I fear that we are moving towards that direction. I’m waiting for the time when we will be forced to believe that food could be delivered to you in a form of a perfume! A smell that could give you the satisfaction that you have already eaten your meal. Like a grotesque scene of a Buñuel film. I admire countries like Greece for example, where people are still capable of distinguishing tastes of things. When I first came from Ukraine to Germany I struggled to find real tomatoes, for example. They looked like real tomatoes, but they did not have any taste.

But this tomato still seems so perfect and even better than the real one!

 And this is propaganda! They are using our ability to perceive the world through images and not using other senses. When the image is strong, then it is possible to manipulate the people. The image triggers our brain, and the brain creates a model of our future actions. When you watch a film, you repeat all these actions inside your brain so you participate in them together with the actor.

This still feels like a manipulation though.

Everyone uses this manipulative technique but I believe that art is more honest. Art creates a special language and through that language it recreates meanings of the things you can see in the world. News or bad documentaries always propose to just observe. For me this doesn’t work. When you observe a film, you have to follow some conventional rules and learn how to interpret the language of the film. When you don’t know the language which it is used and you receive just the image, then this is extremely dangerous. Especially when the directors are educated and the viewers are not. You need to know how to read the image to protect yourself.

Can we talk about illiterate people of the image?

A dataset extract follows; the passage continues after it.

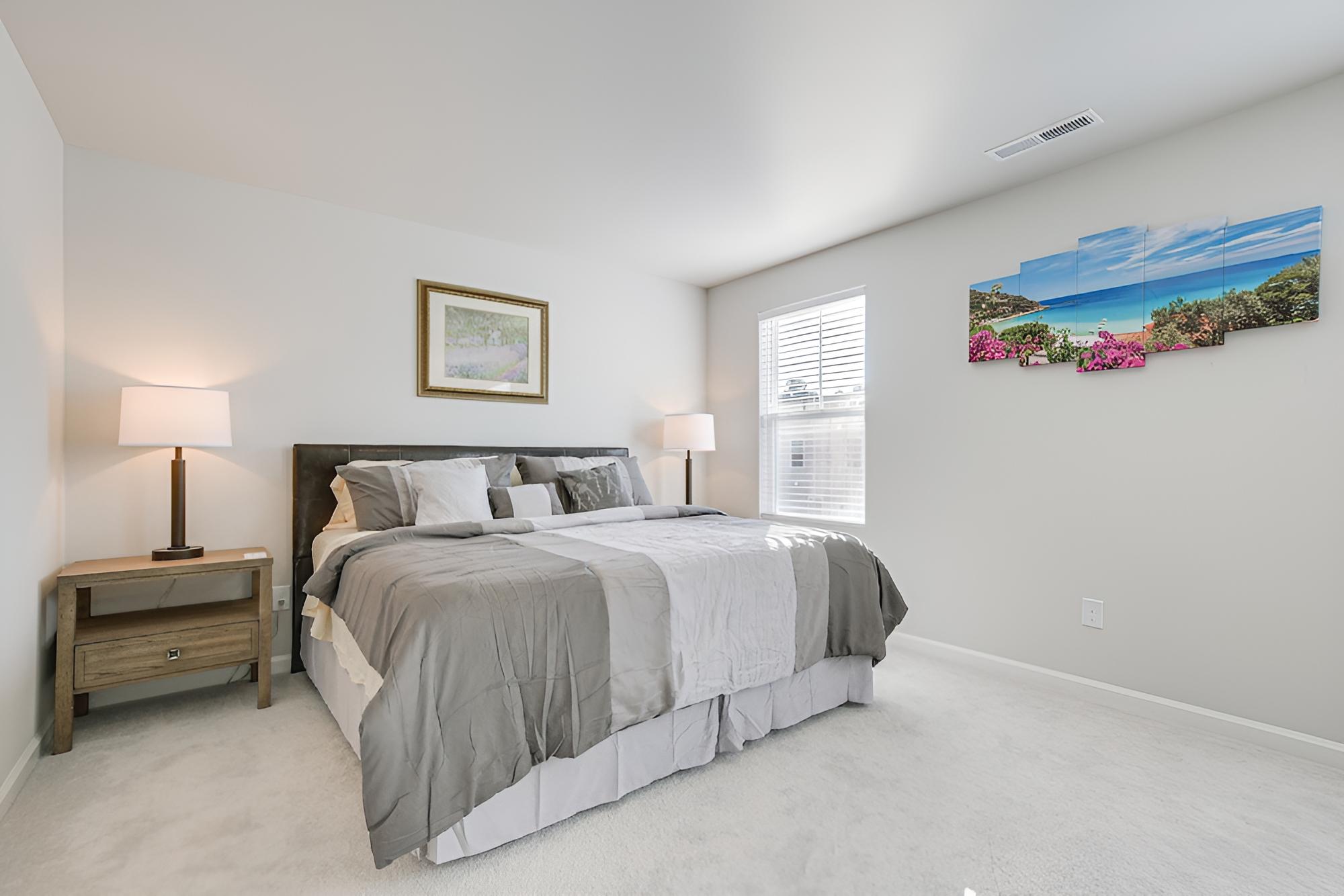 Clayton Townhome ~ 13 Mi to Downtown Raleigh!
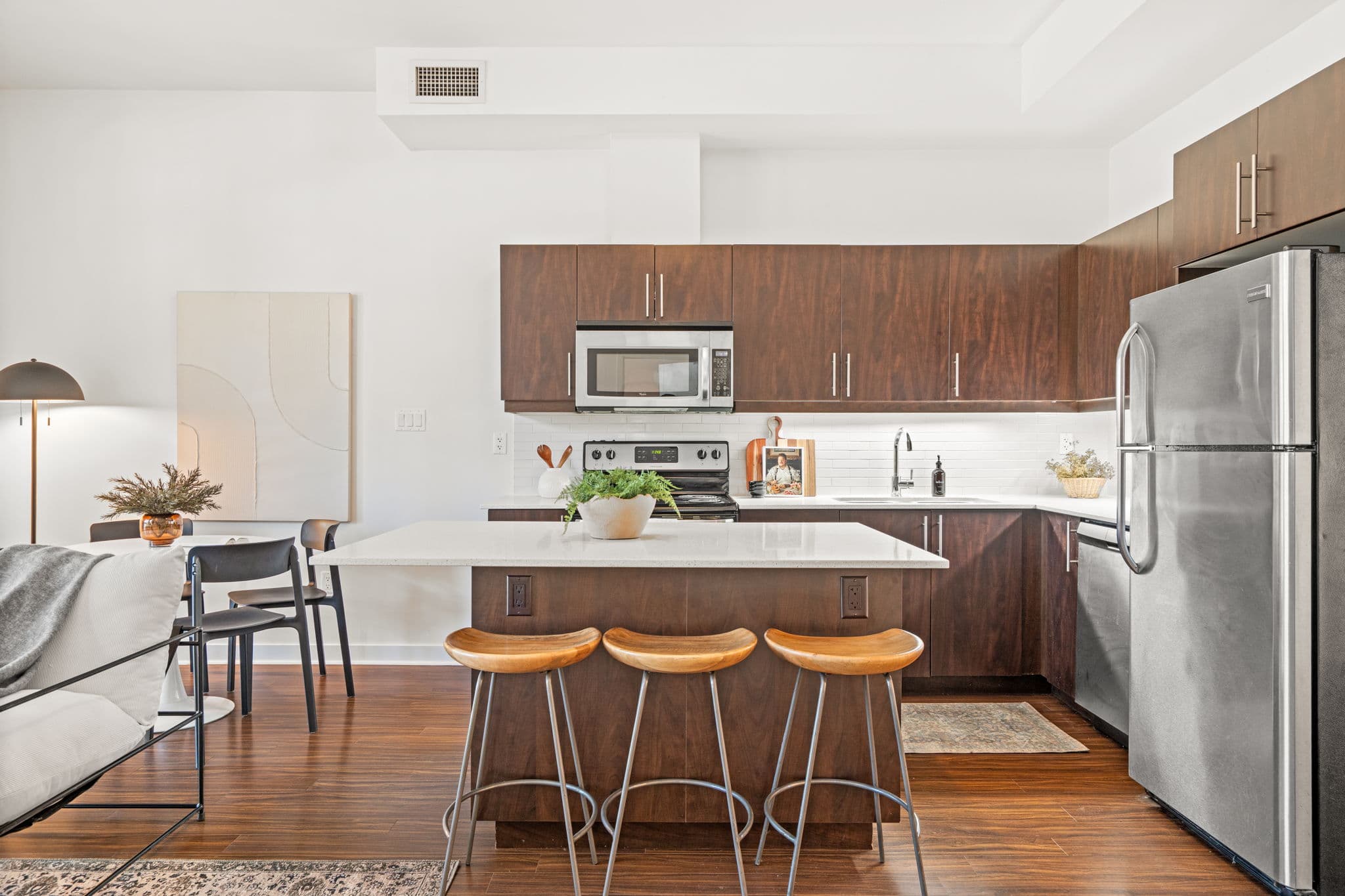 53 Colgate Ave Unit 201 Toronto, ON M4M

Not only image. Now even the text has no power. How many books were censored in Europe for example in the past years? Almost none because the books cannot influence anyone anymore and because the people who read them are an extreme minority. They are less than a drop in this big ocean. But News? These are always important! Unfortunately, we still don’t understand how the image works us.

Since you are always dealing with the power of image, are we expecting something new from you?

I’m now preparing a new film. It is currently in post-production and it should be ready next year.